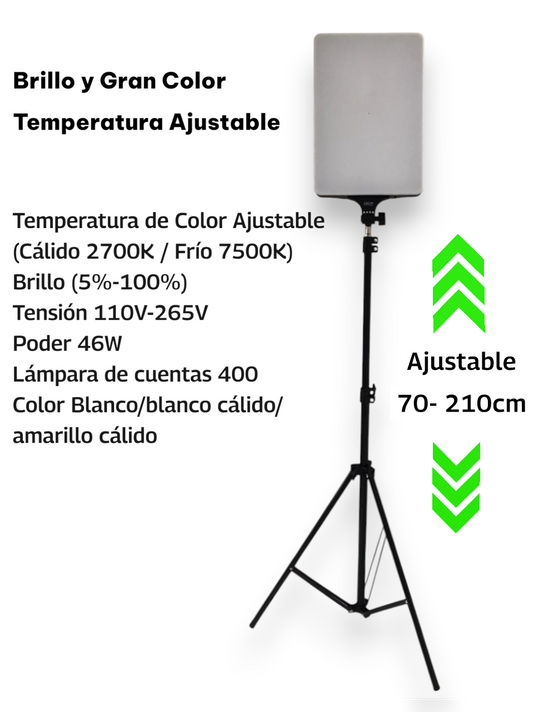 Lámpara Fotográfica Panel Iluminación Tripode Luz Led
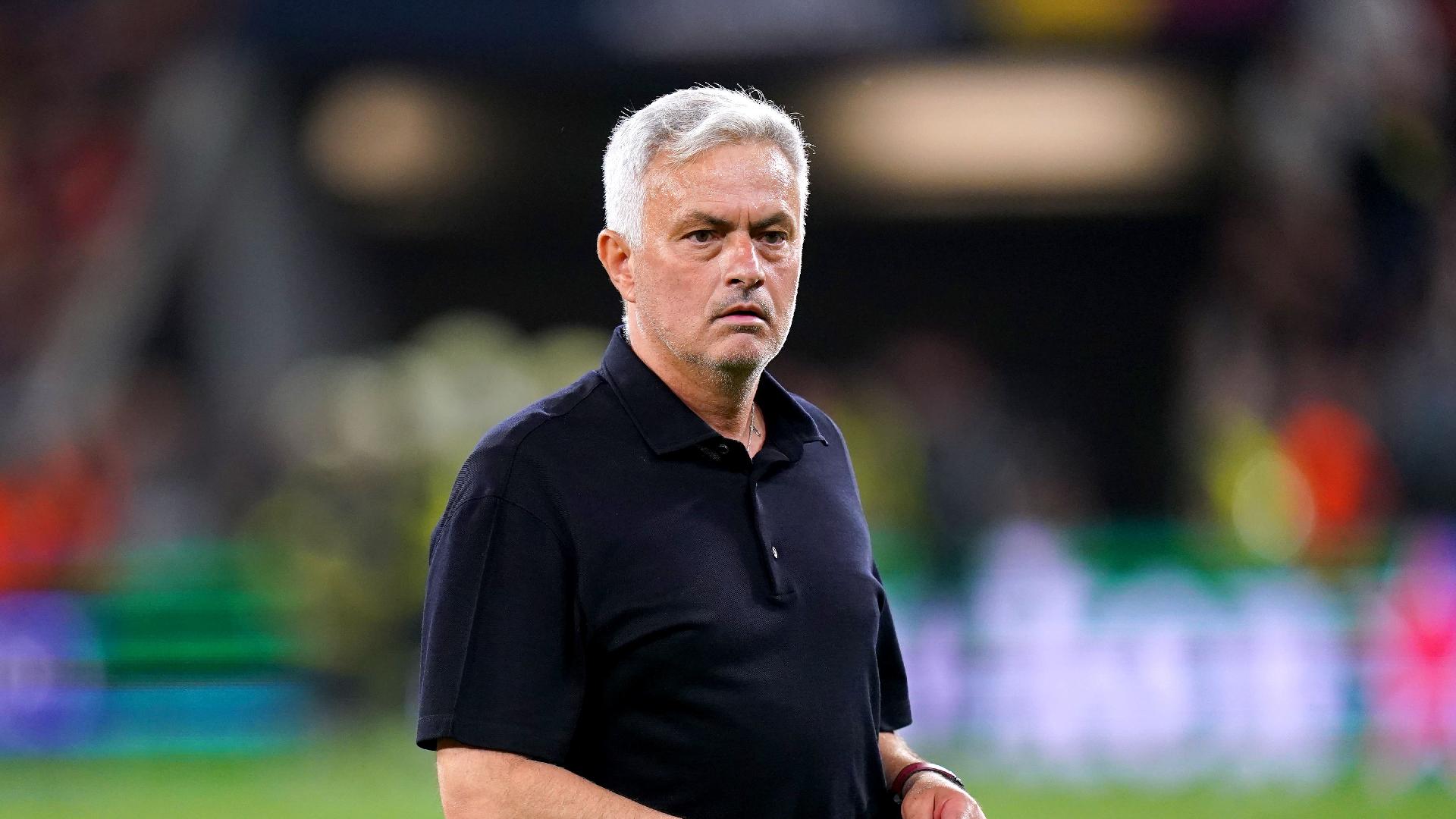 Roma manager Jose Mourinho walks off after being presented with his runner up medal following defeat in the UEFA Europa League Final at the Puskas Arena, Budapest. Picture date: Wednesday May 31, 2023. (Adam Davy, PA)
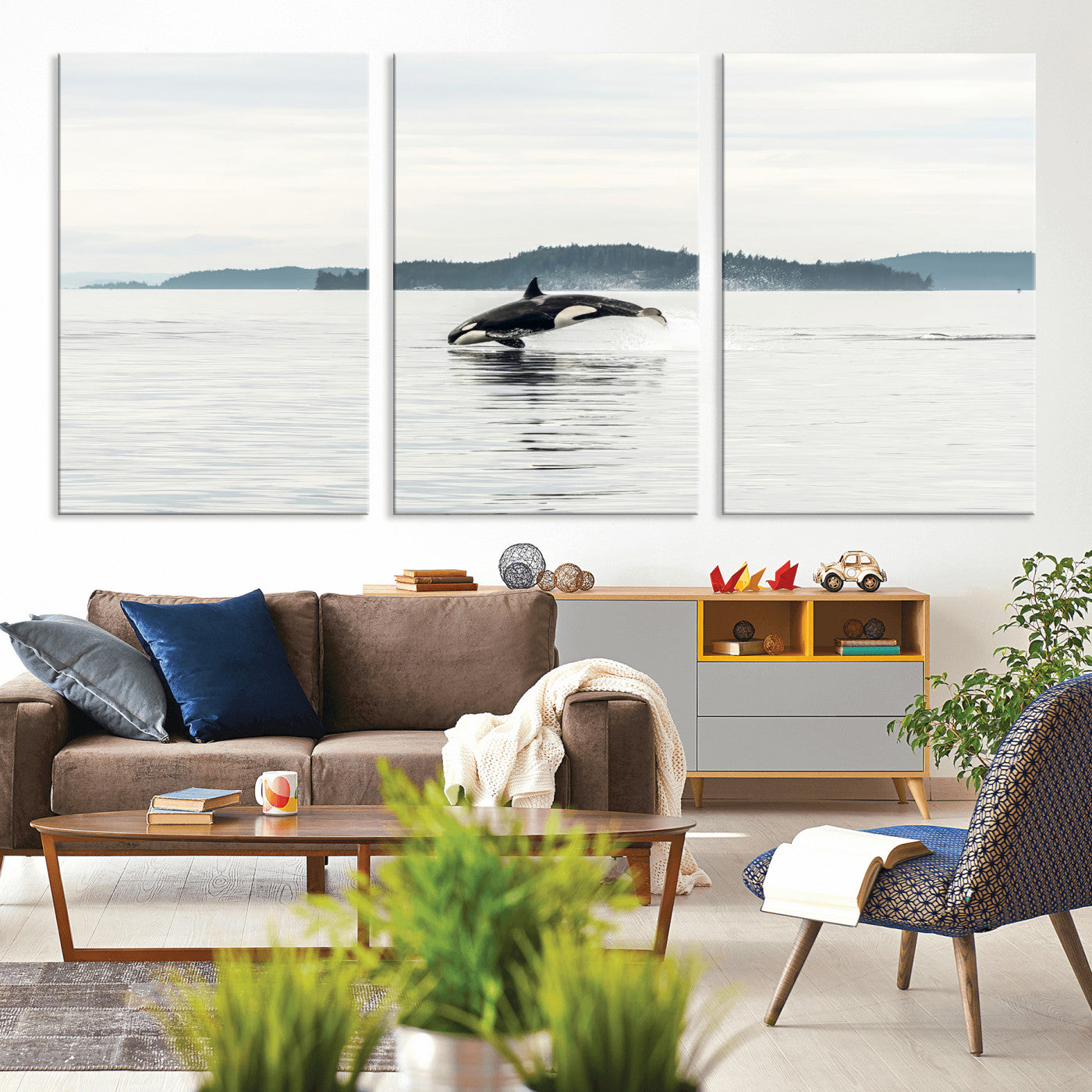 An orca jumping out of calm ocean waters with a misty island in the background, creating a serene and minimalist marine wildlife scene.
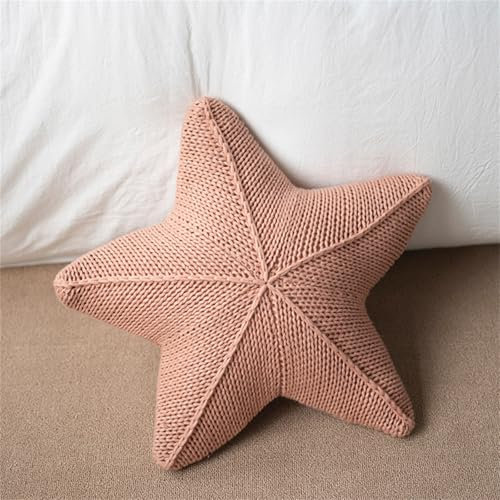 Ueiwffzo Sterne Kuschelkissen 45 * 53cm Kinder Aesthetic Kissen Dekokissen Flauschig Dekokissen Sofakissen Plüsch Kissen für Kinderzimmer Schlafzimmer (Rosa)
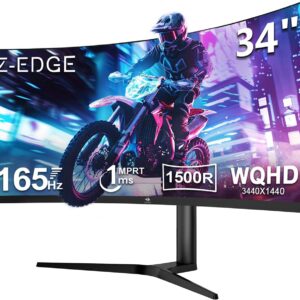 Gaming PC & Gaming Monitors – Z-Edge 34 Zoll Ultrawide Curved Gaming Monitor 165Hz (DP) 100Hz (HDMI) 1ms MPRT, 21:9 WQHD 3440×1440 R1500 Curved VA Panel, Höhenverstellbar, FreeSync, HDMI, DisplayPort, PIP & PBP, Schwarz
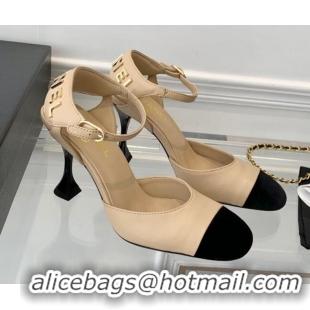 Good Product Chanel Lambskin Pumps 9cm with Logo Back Apricot 080916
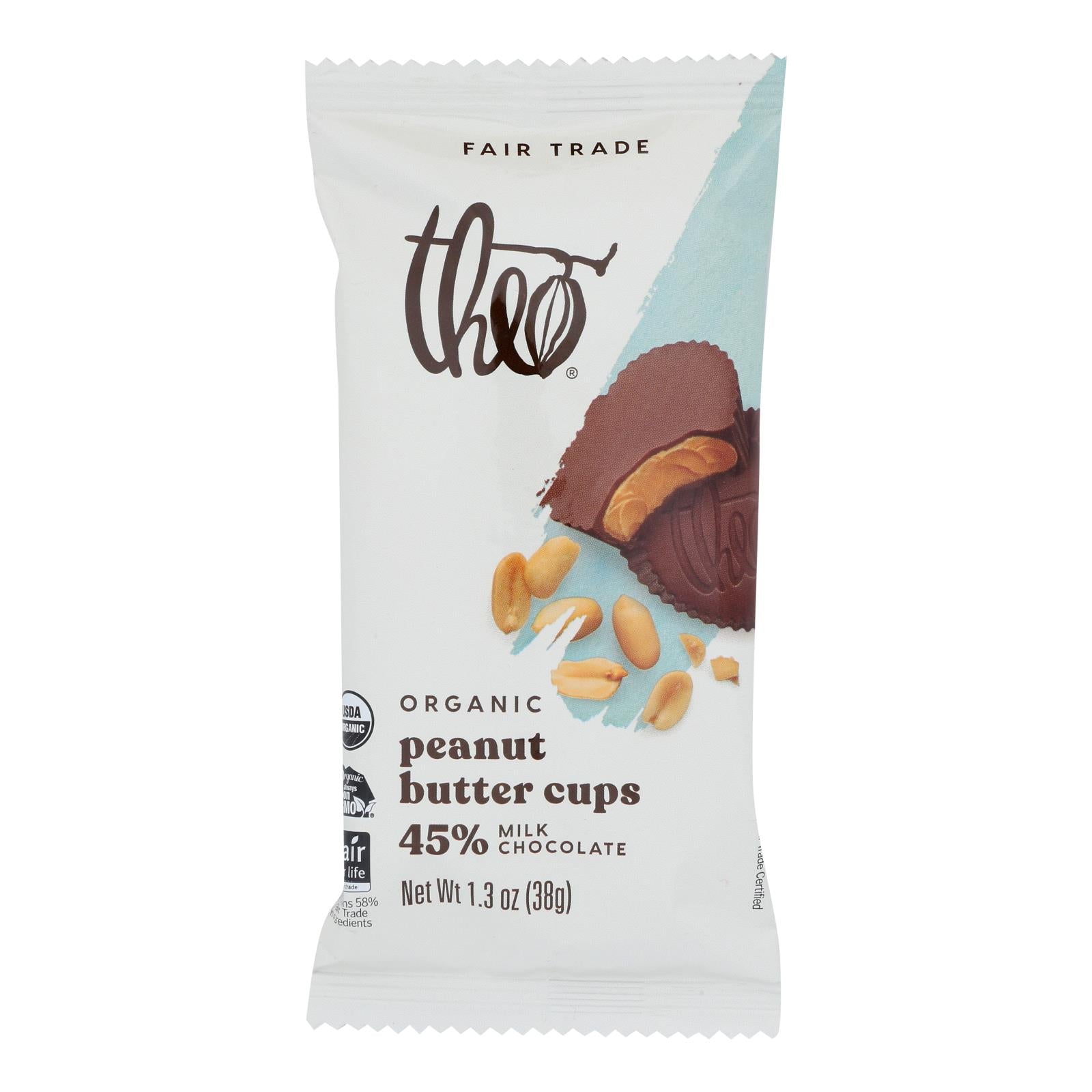 Theo Chocolate Peanut Butter Cups - Milk Chocolate - 1.3 oz - Case of 12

_Your instructions:_
Please output every entry above exactly, without the pictures.

_Solution for this exercise:_
 Lámpara Fotográfica Panel Iluminación Tripode Luz Led
 Roma manager Jose Mourinho walks off after being presented with his runner up medal following defeat in the UEFA Europa League Final at the Puskas Arena, Budapest. Picture date: Wednesday May 31, 2023. (Adam Davy, PA)
 An orca jumping out of calm ocean waters with a misty island in the background, creating a serene and minimalist marine wildlife scene.
 Ueiwffzo Sterne Kuschelkissen 45 * 53cm Kinder Aesthetic Kissen Dekokissen Flauschig Dekokissen Sofakissen Plüsch Kissen für Kinderzimmer Schlafzimmer (Rosa)
 Gaming PC & Gaming Monitors – Z-Edge 34 Zoll Ultrawide Curved Gaming Monitor 165Hz (DP) 100Hz (HDMI) 1ms MPRT, 21:9 WQHD 3440×1440 R1500 Curved VA Panel, Höhenverstellbar, FreeSync, HDMI, DisplayPort, PIP & PBP, Schwarz
 Good Product Chanel Lambskin Pumps 9cm with Logo Back Apricot 080916
 Theo Chocolate Peanut Butter Cups - Milk Chocolate - 1.3 oz - Case of 12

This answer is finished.